Quel quotidien, quel magazine “sérieux” publierait un article commençant par ces lignes aujourd’hui ?
“Étranges souvenirs par cette nerveuse nuit à Las Vegas. Cinq ans après ? Six ? Ça fait l’effet d’une vie entière, ou au moins d’une Grande Époque — le genre de point culminant qui ne revient jamais. San Francisco autour de 1965 constituait un espace-temps tout à fait particulier où se trouver. Peut-être que ça signifiait quelque chose. Peut-être pas, à longue échéance… mais aucune explication, aucun mélange de mots ou de musique ou de souvenirs ne peut restituer le sens qu’on avait de se savoir là et vivant dans ce coin du temps et de l’univers. Quel qu’en ait été le sens…”
(“Las Vegas Parano”)
Hyperformatage
Dans la plupart des médias, la narration écrite, sonore et visuelle est désormais hyper-formatée. Accroche, déroulé, chute… tous les sujets sont traités à la même moulinette normative. Chaque article, chaque lancement radio ou télé doit rentrer dans le même cadre préétabli. Surtout ne pas surprendre, ne pas déstabiliser le lecteur, l’auditeur, le téléspectateur…
Le journaliste français, notamment, s’aventure de plus en plus rarement en dehors des techniques journalistiques et des clôtures stylistiques acquises lors du fameux double cursus “idéal” Sciences Po + CFJ. Cela tombe bien : les journaux sont de moins en moins demandeurs de reporters, enquêteurs, chroniqueurs et autres aventuriers plumitifs qui sortent du cadre. Ils n’en ont plus ni l’envie ni les moyens. Place à l’info standardisée et aux économies d’échelle rédactionnelles. Envoyer un Gus faire le gonzo journaliste dans le désert du Nevada au moment où la presse coule à pic comme le Titanic ? Vous n’y pensez pas !
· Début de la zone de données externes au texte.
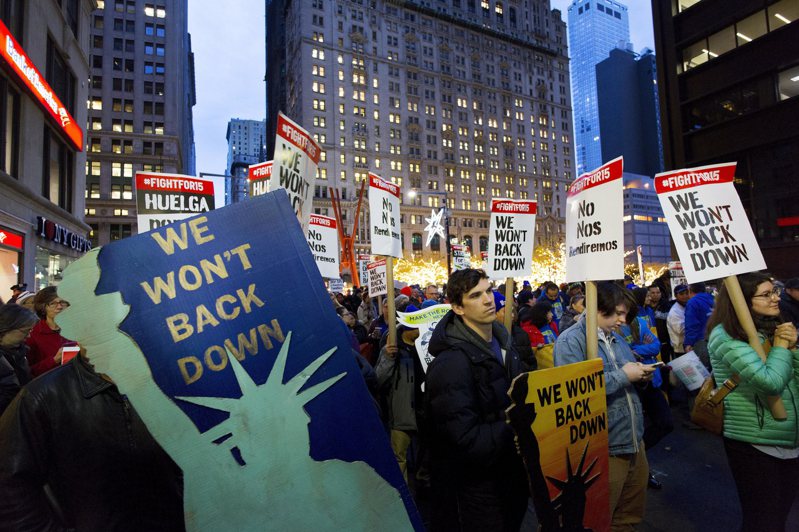 纽约州最低时薪再度提高，这一切来之不易；图为四年前劳工为争取调高工资而在曼哈顿举行的抗议活动。(美联社)(photo:UDN)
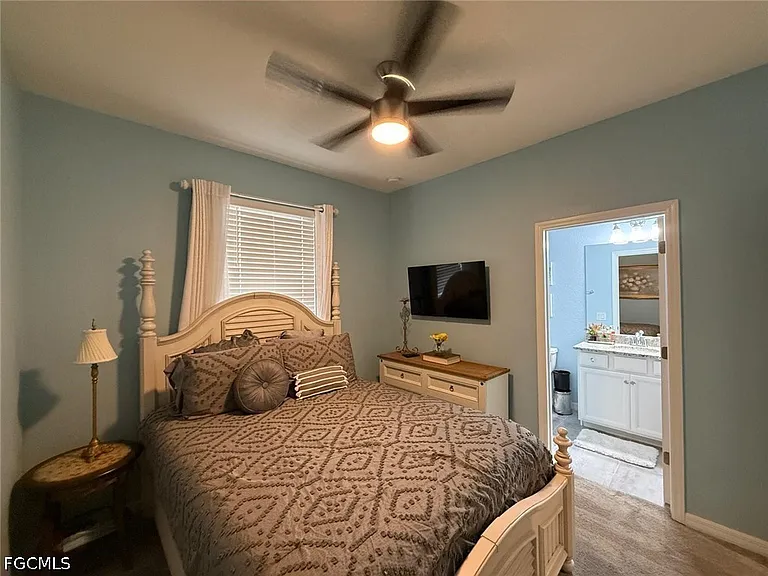 12963 Pemberton Way — Photo 31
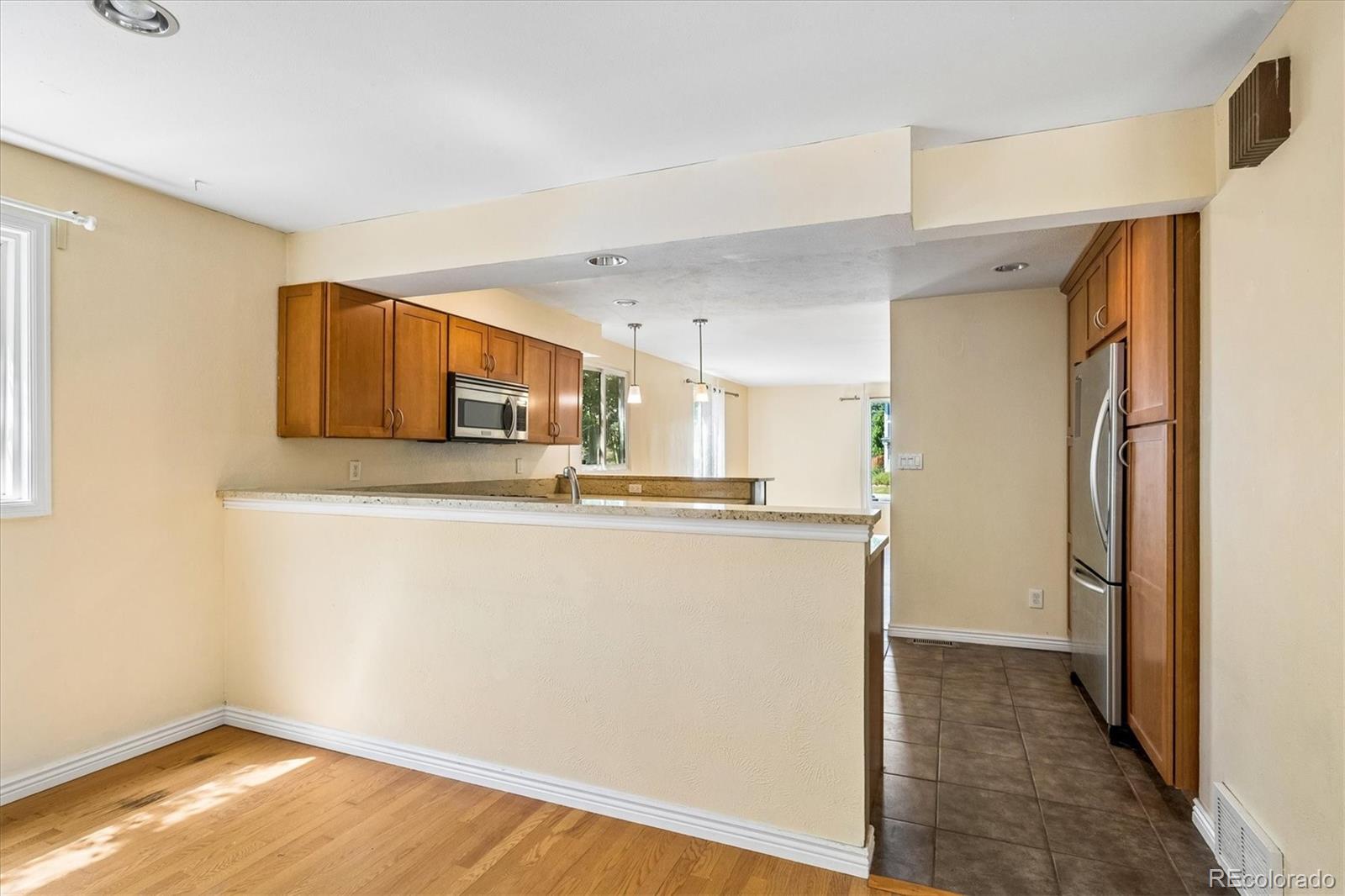 MLS Image #11 for 2642 s vine street,denver, Colorado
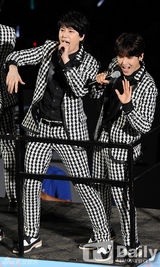 组图：SM演唱会嗨翻 神起SJ穿红裙扮女装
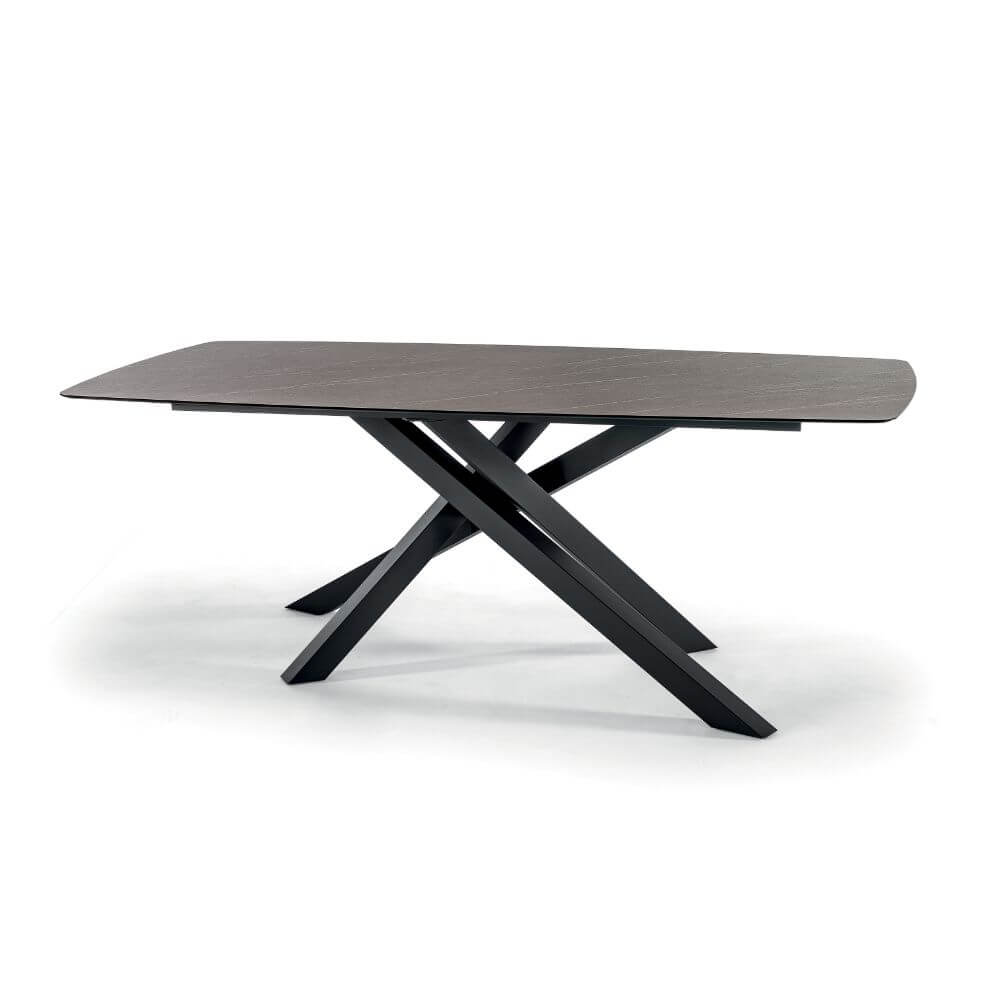 Milo outdoor dining table by Idol - Image 3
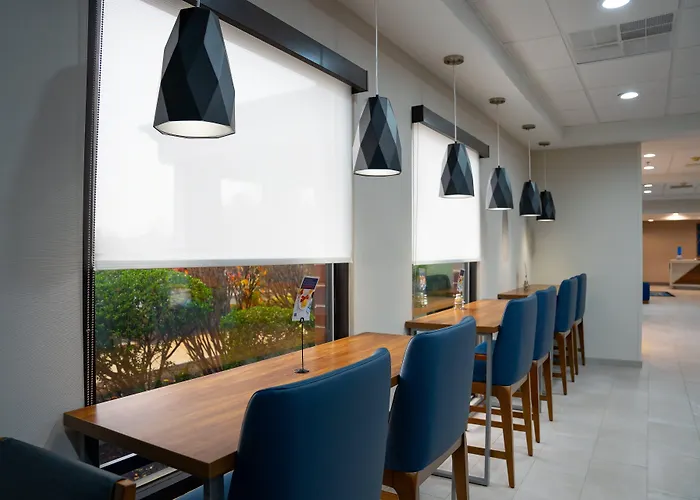 Holiday Inn Express Hotel & Suites West Chester By Ihg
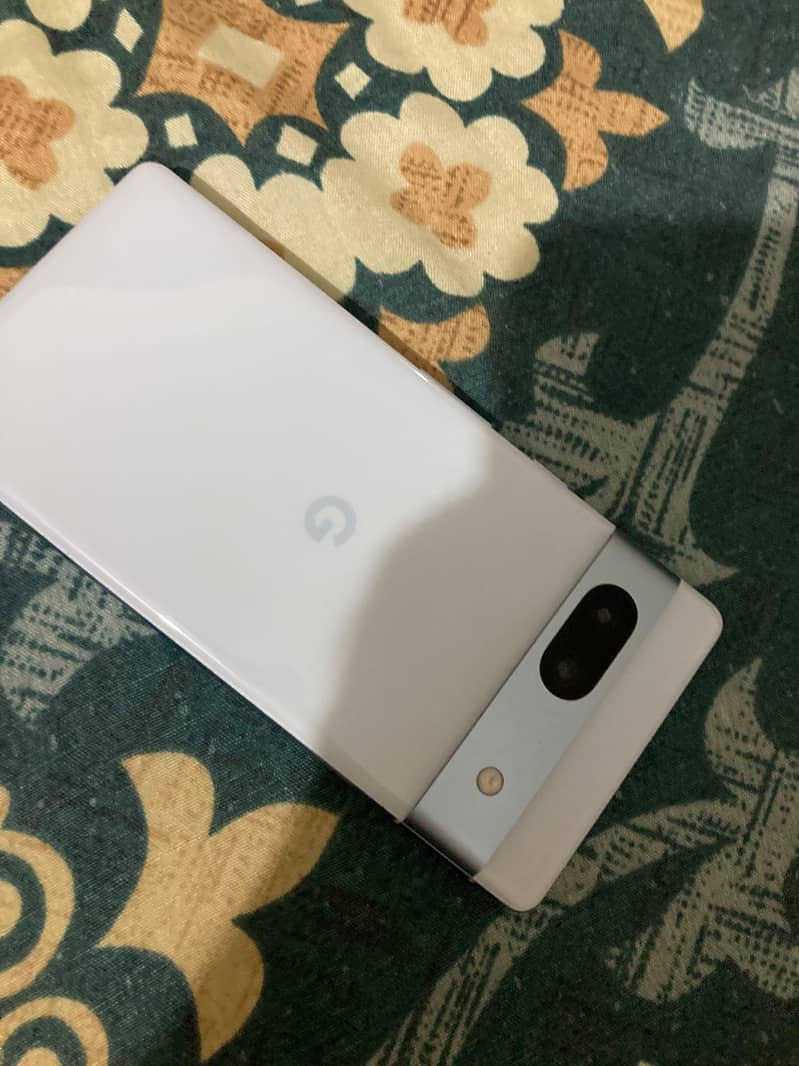 Google Pixel 7a 1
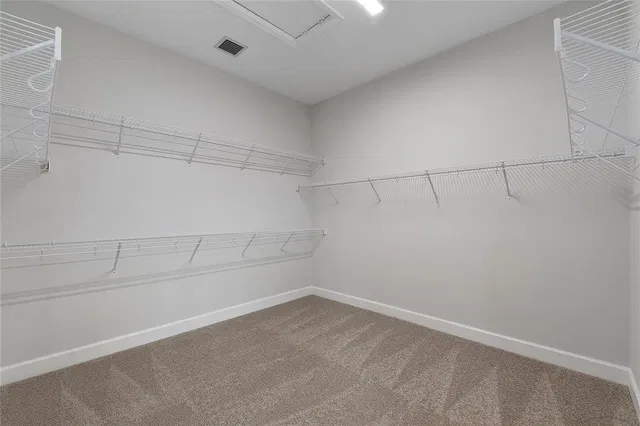 Residence photo 19
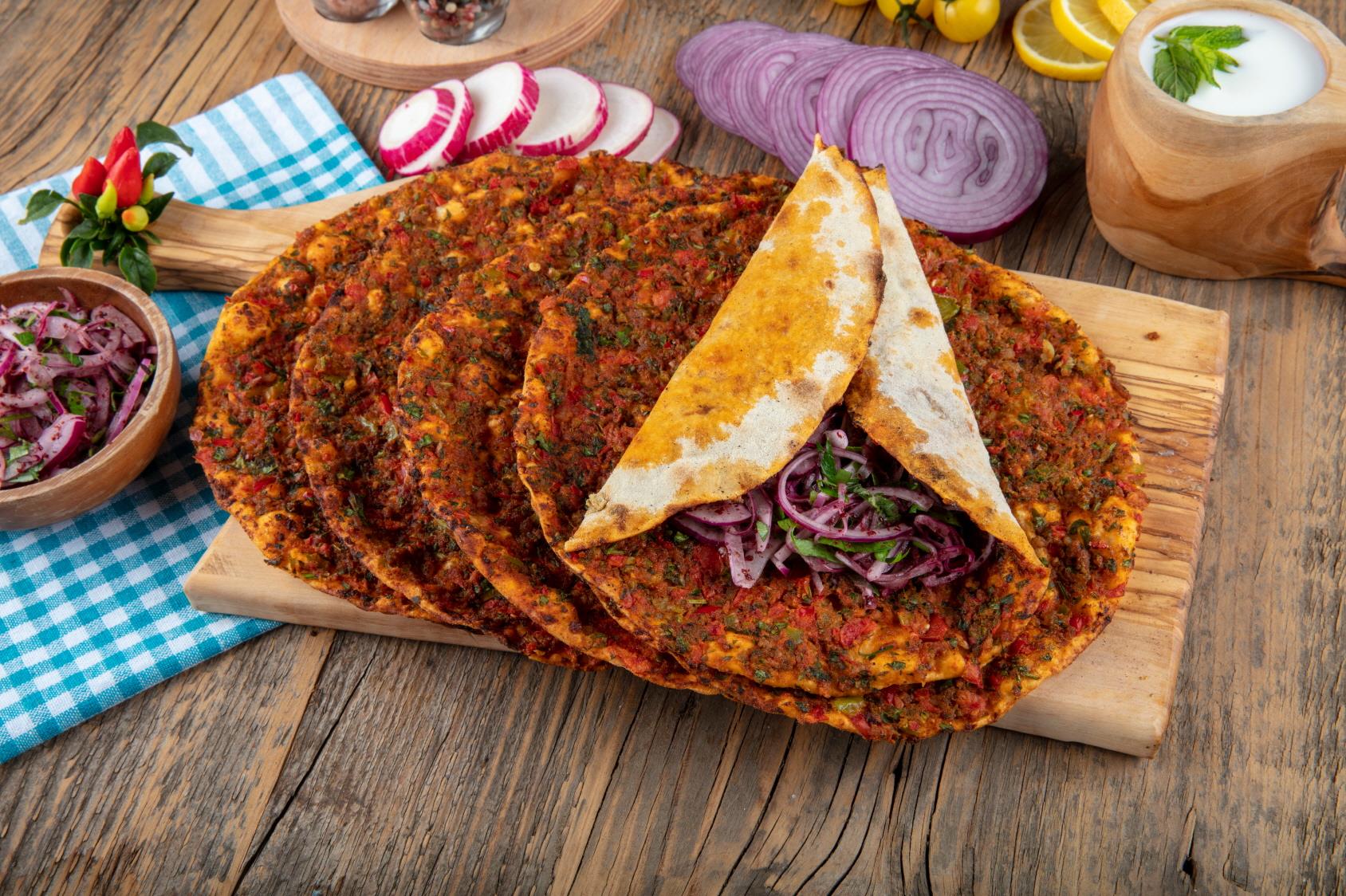 라흐마준  Lahmacun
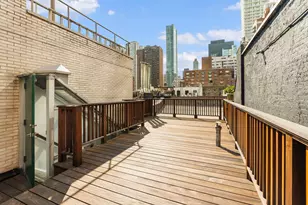 217 E 61st St, New York City, NY 10065 - Photo 15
Incapable de s’adapter à la révolution internet, d’inventer de nouveaux modèles pour faire payer l’information dans un monde où la gratuité est la règle, la vieille presse est en déroute. Les grands quotidiens, les grands magazines, sont paniqués comme des “Newsososaures” devant le raz-de marée numérique qui balaie leur monde. Leurs ventes au numéro s’effondrent, leurs recettes publicitaires fondent comme neige au soleil sous l’effet du grand réchauffement digital. Et la nourriture nécessaire à leur survie se fait rare : il n’y a pas ou peu de nouveaux revenus sur le Web. Les annonceurs tirent les prix de la pub toujours plus bas et les internautes ne veulent pas payer pour l’info comme l’a encore démontré récemment une étude du Pew Research Center.
Leur débandade aurait fait ricaner Hunter S. Thompson, lui qui, par nature, adorait le chaos porteur de processus créatif . Ses articles et ses récits qui sont devenus des livres comme “Hells Angels” (une formidable enquête de terrain qui le conduira à l’hôpital après ce qu’il qualifia de “querelle éthylique spontanée”) ou encore “Las Vegas Parano” (un reportage sur une course de motos dans le désert qui se transformera en quête mythique du rêve américain sous LSD) en sont les meilleurs témoignages.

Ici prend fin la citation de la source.